» WORK ORDER: The text of every record, exactly as given and with no pictures, should be your output.

Captioned web image data
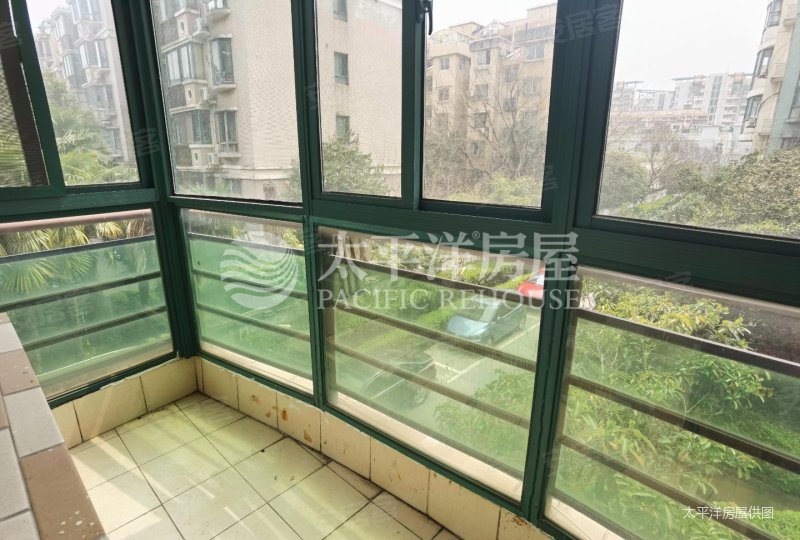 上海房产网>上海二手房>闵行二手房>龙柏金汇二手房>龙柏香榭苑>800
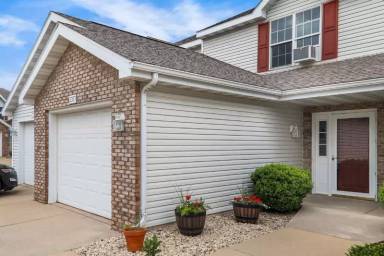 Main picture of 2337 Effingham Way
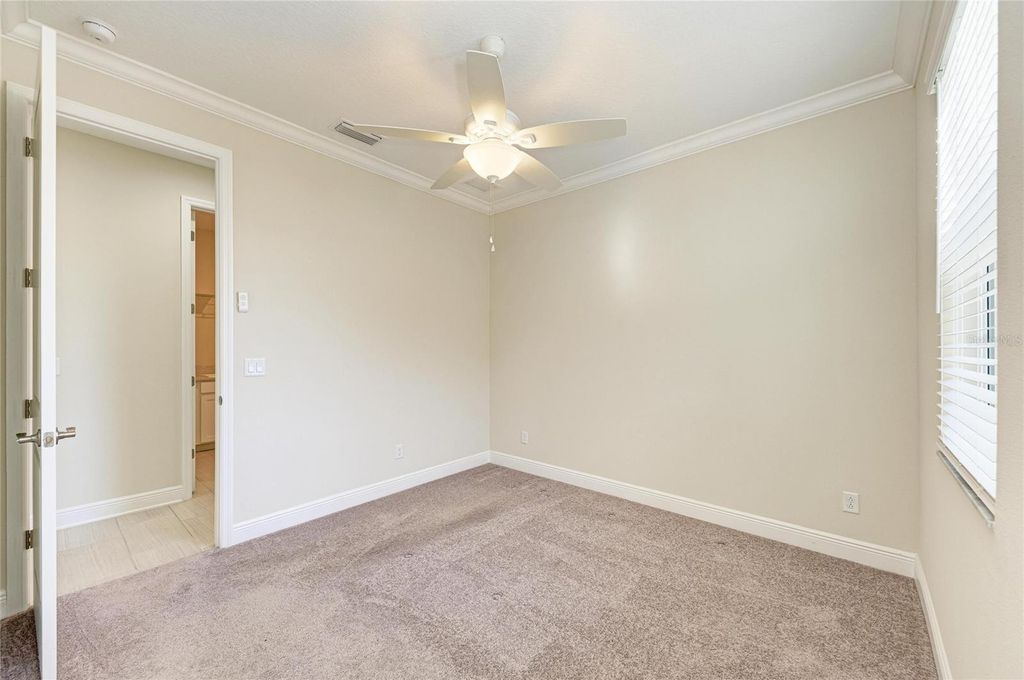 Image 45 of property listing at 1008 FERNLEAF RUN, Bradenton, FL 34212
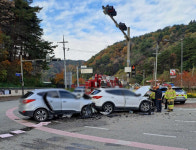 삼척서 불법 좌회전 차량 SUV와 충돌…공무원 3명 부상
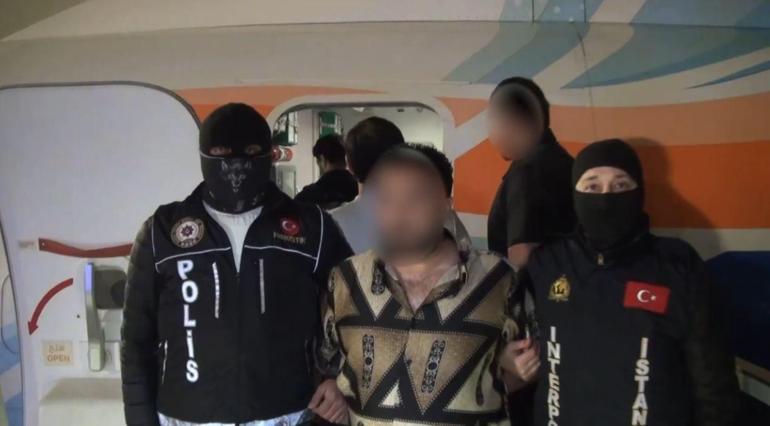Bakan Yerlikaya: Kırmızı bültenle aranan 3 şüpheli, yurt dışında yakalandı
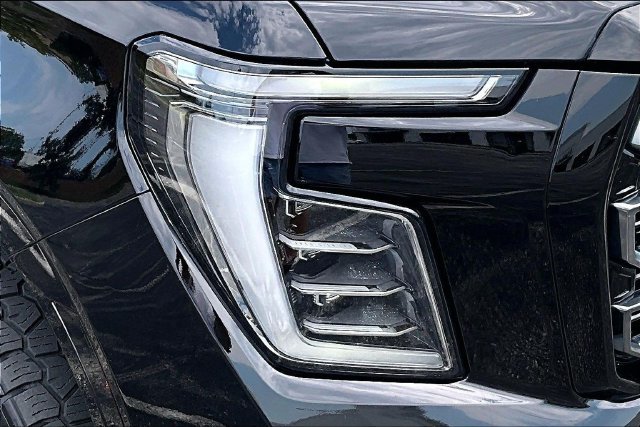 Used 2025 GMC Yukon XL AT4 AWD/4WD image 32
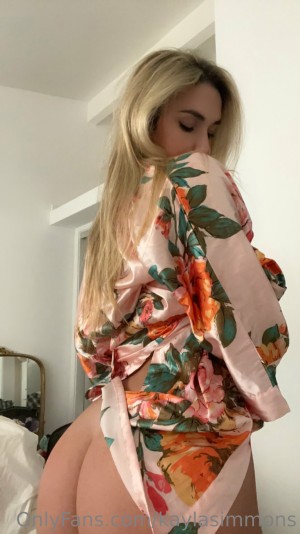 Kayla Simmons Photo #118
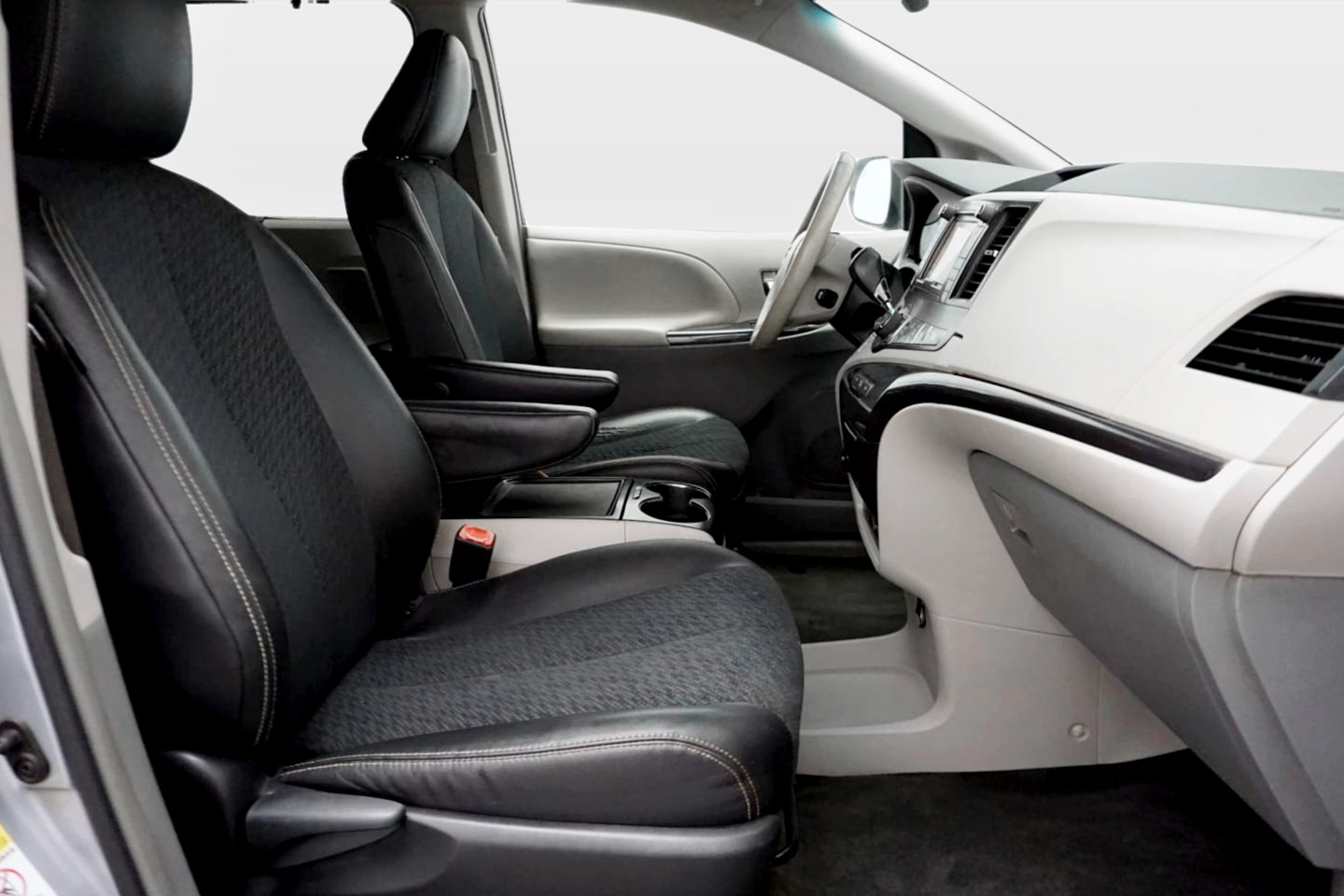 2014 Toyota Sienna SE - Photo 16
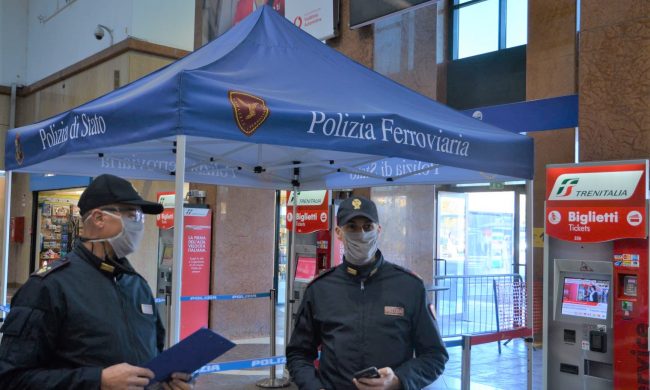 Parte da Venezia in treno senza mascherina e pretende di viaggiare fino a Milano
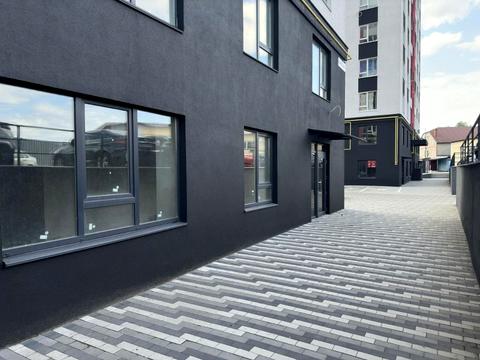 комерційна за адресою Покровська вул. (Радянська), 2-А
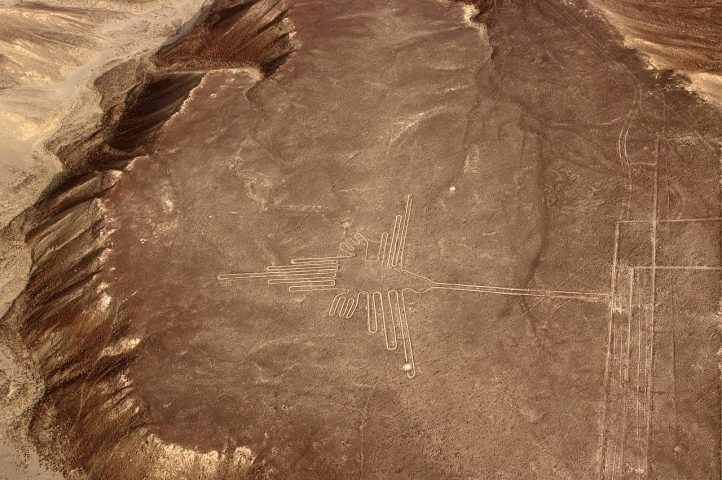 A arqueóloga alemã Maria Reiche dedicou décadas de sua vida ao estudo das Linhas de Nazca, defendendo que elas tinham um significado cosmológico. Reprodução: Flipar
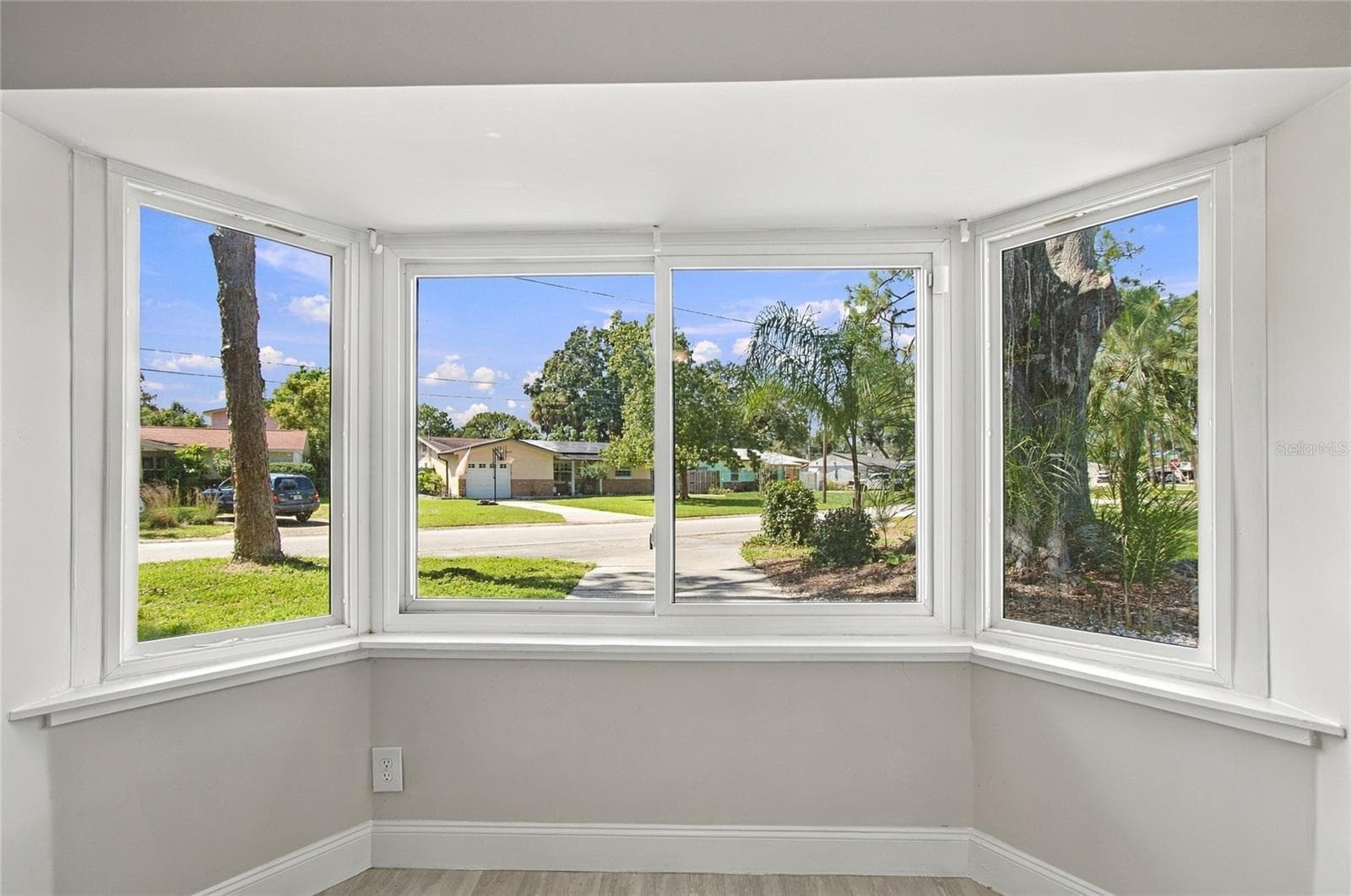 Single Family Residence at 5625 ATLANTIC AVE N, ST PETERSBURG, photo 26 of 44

» RESULT FOR THIS TASK:
 上海房产网>上海二手房>闵行二手房>龙柏金汇二手房>龙柏香榭苑>800
 Main picture of 2337 Effingham Way
 Image 45 of property listing at 1008 FERNLEAF RUN, Bradenton, FL 34212
 삼척서 불법 좌회전 차량 SUV와 충돌…공무원 3명 부상
Bakan Yerlikaya: Kırmızı bültenle aranan 3 şüpheli, yurt dışında yakalandı
 Used 2025 GMC Yukon XL AT4 AWD/4WD image 32
 Kayla Simmons Photo #118
 2014 Toyota Sienna SE - Photo 16
 Parte da Venezia in treno senza mascherina e pretende di viaggiare fino a Milano
 комерційна за адресою Покровська вул. (Радянська), 2-А
 A arqueóloga alemã Maria Reiche dedicou décadas de sua vida ao estudo das Linhas de Nazca, defendendo que elas tinham um significado cosmológico. Reprodução: Flipar
 Single Family Residence at 5625 ATLANTIC AVE N, ST PETERSBURG, photo 26 of 44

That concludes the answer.